Only if the surplus energy is available to supply the necessary
current.
But that assumes the old usage model where the utility was the "tail"
wagged by the consumer "dog".
>
Going forward, expect to see a closer integration of load and supply
management. It's just silly to over-provision just to accommodate any
*possible* demand when technology exists to predict and manage that
demand.
Right. People shouldn't just be allowed to cook or do their laundry or
heat their houses whenever they feel like.
But they can be offered cheaper rates to do it when the grid is less
heavily loaded.
>
https://en.wikipedia.org/wiki/Hot,_Flat,_and_Crowded
>
spelled it all out back in 2008. Back then Thomas Friedman laid a lot of
emphasis on electric cars which are parked 95% of the time and
potentially available as a gigantic grid storage battery.

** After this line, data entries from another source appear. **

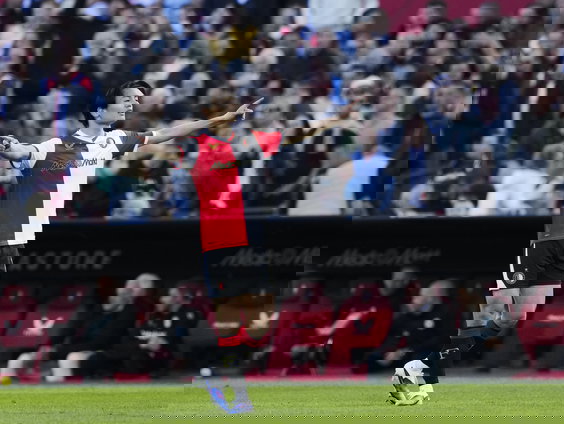 'Ueda laat goed zien hoe scherp hij is voor het doel'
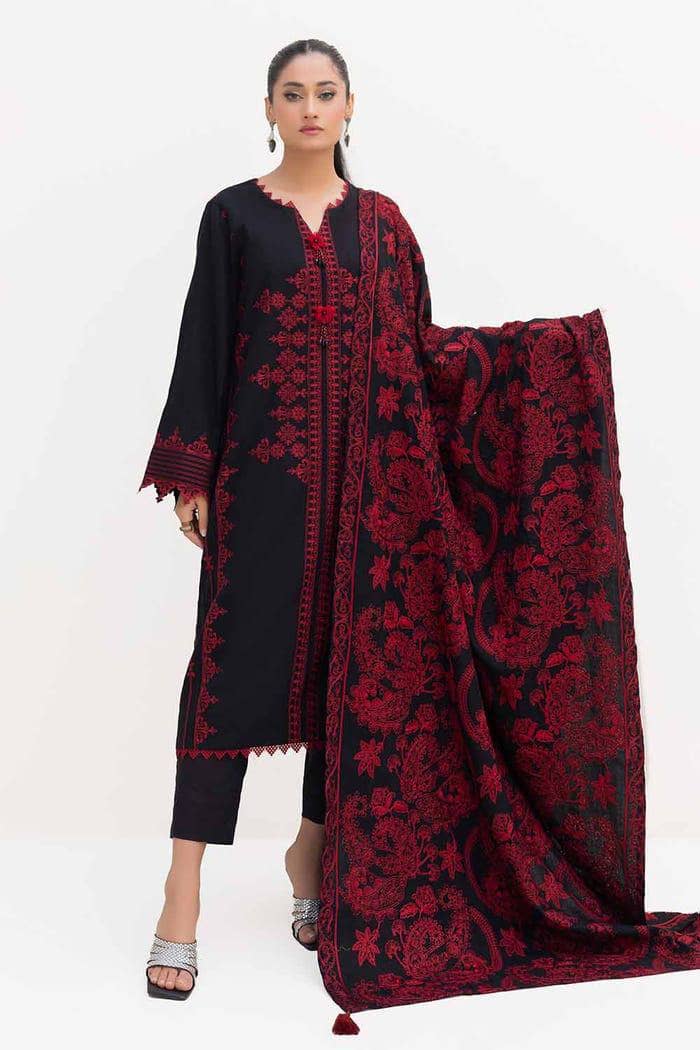 img_gul_ahmed_winter_24_awwal_boutique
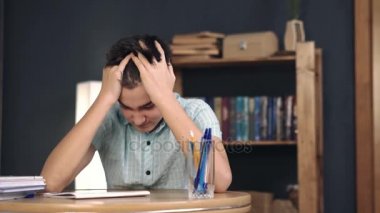 Üzgün öğrenci ödev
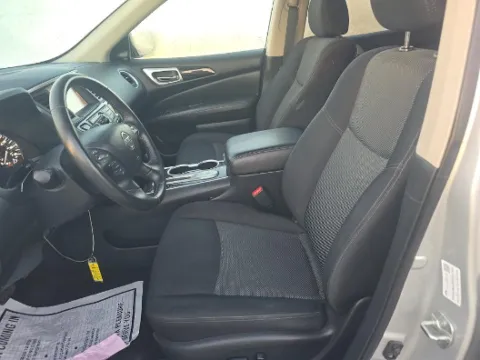 More photos of 2019 Nissan Pathfinder SV at TLC Motors, SC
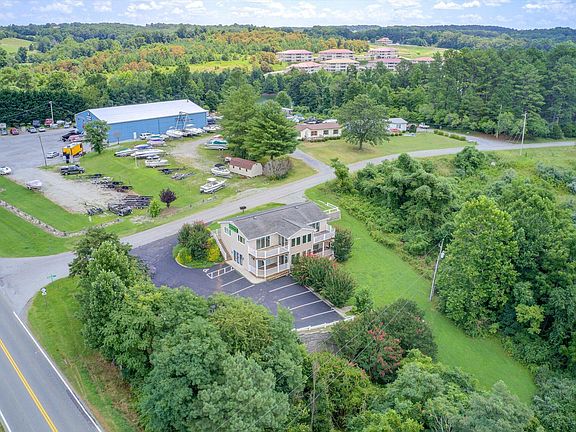 5th image of 1027 Waterwheel Dr
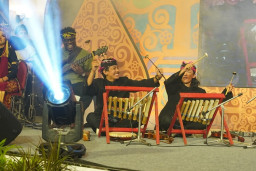 Rayakan 33 Tahun Hubungan Sister-State Jawa Timur dan Western Australia melalui Perpaduan Seni dan Budaya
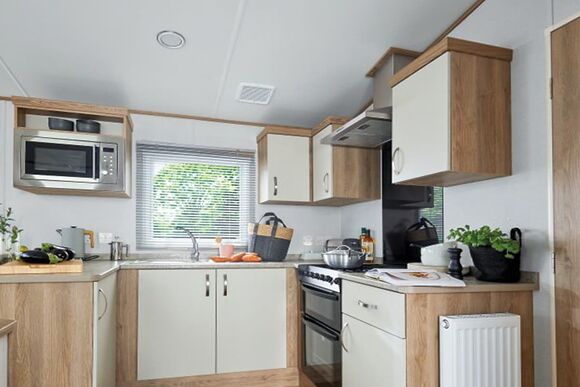 Platinum 2 Bed Caravan with Hot Tub, No Dogs Sleeps 4 - Clarach Bay Holiday Village, Clarach Bay, Nr Aberystwyth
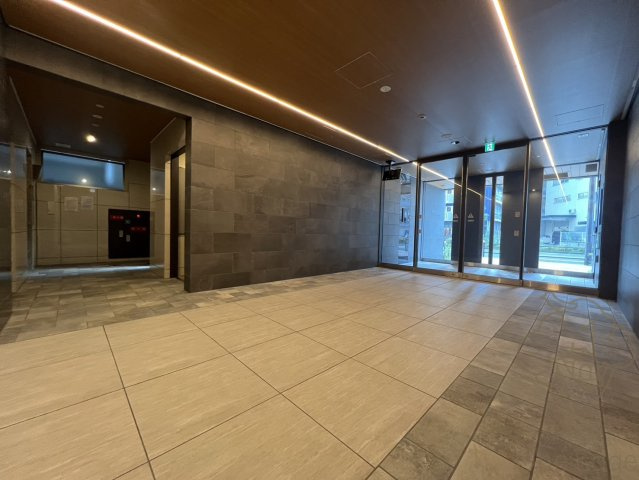エスリード新大阪ラヴァーグのロビー
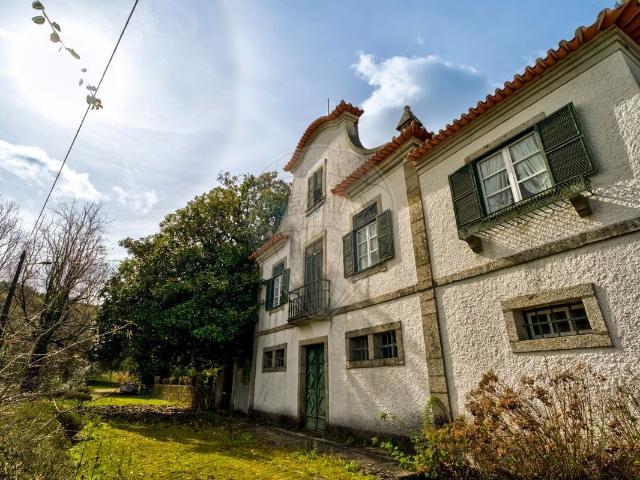 Quinta T9 à venda em Covelas, Póvoa de Lanhoso RE/MAX Portugal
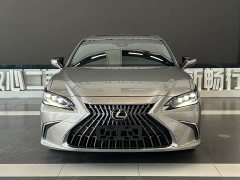 Lexus ES 300h Premium Edition - ფოტო 2
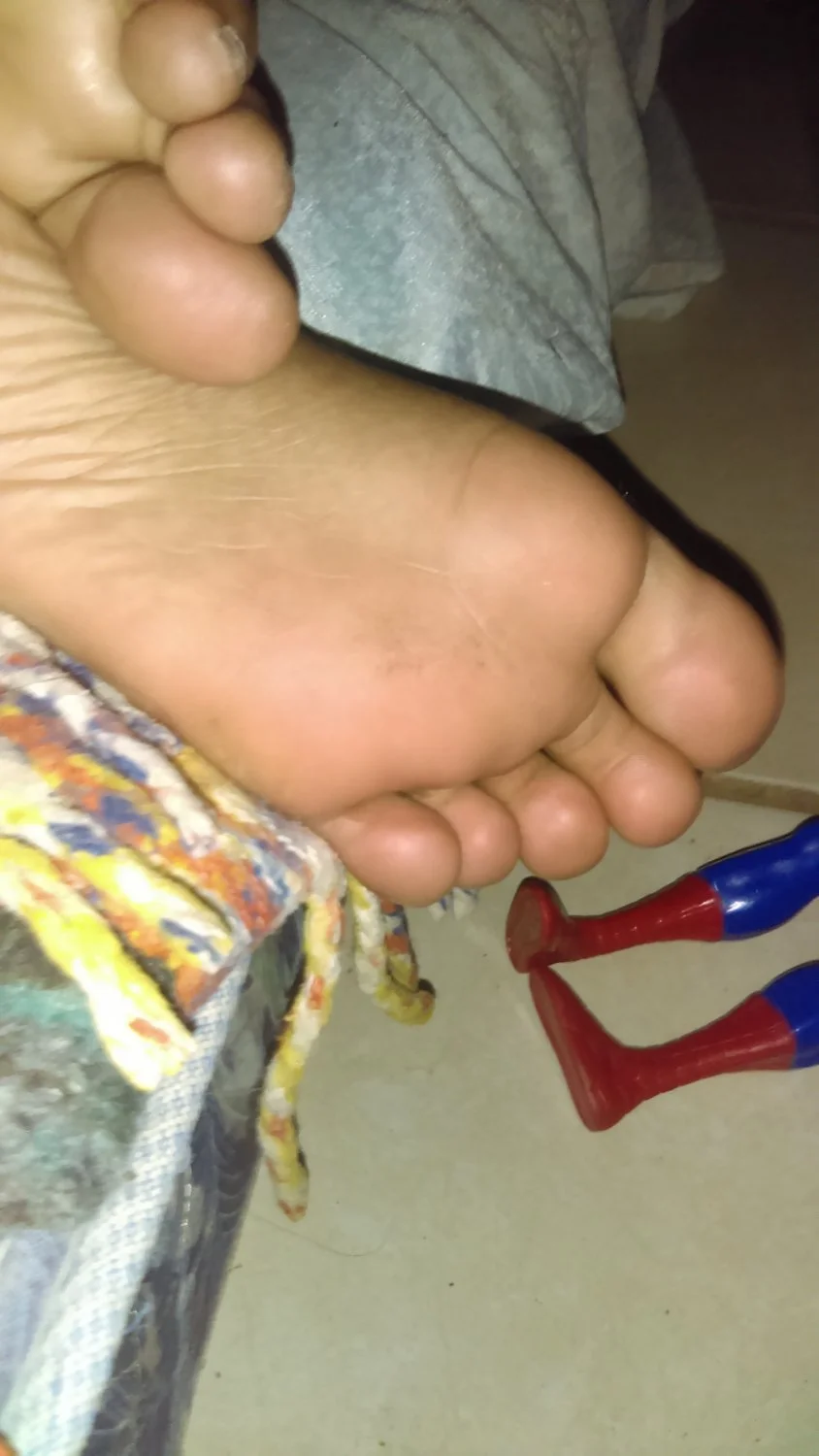 Footjob image 7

Are the batteries in those cars designed to only accommodate the 5%
normal usage? How would they cope with the constant charging and
discharging needed to stabilise the grid?
I don't know what the batteries in those car are designed to accommodate, and clearly neither do you. It's going to be a lot more than 5% of the capacity.
Not only do neither you nor I know how well car batteries, and the charging and discharging power circuitry around it, would work for grid storage, but I suspect the car manufacturers do not know either. The use-cases are very different.
Using electric cars as grid storage is just silly, in all kinds of ways. The trade-offs for things like power and energy densities and cost are completely different, the charge/discharge usage is totally different. And cars are frequently not plugged in at the right place when you want to charge or discharge the grid storage.
>That would be less silly, but still silly.
I don't think that they would be used for the short term charging and discharging involved in providing short term frequency control for the grid - the ambition seems to be have them there to provide emergency back-up when there's a substantial disruption.
>It would be hugely more helpful to have distributed cheap battery storage in fixed installations (in homes, at grid transformer and distribution points, and most importantly, at electric car charger stations). All it will take is mass production of more appropriate batteries (such as the sodium ion batteries that China is pushing hard). The potential benefits of electric car batteries as "emergency grid storage" would then be negligible.
If we all went over to electric cars the grid would have to provide about 30% more electric power than it does now. Granting that cars spend 95% of their, time parked, the parked cars could offer about 5 times as much power as the grid for a couple of hours.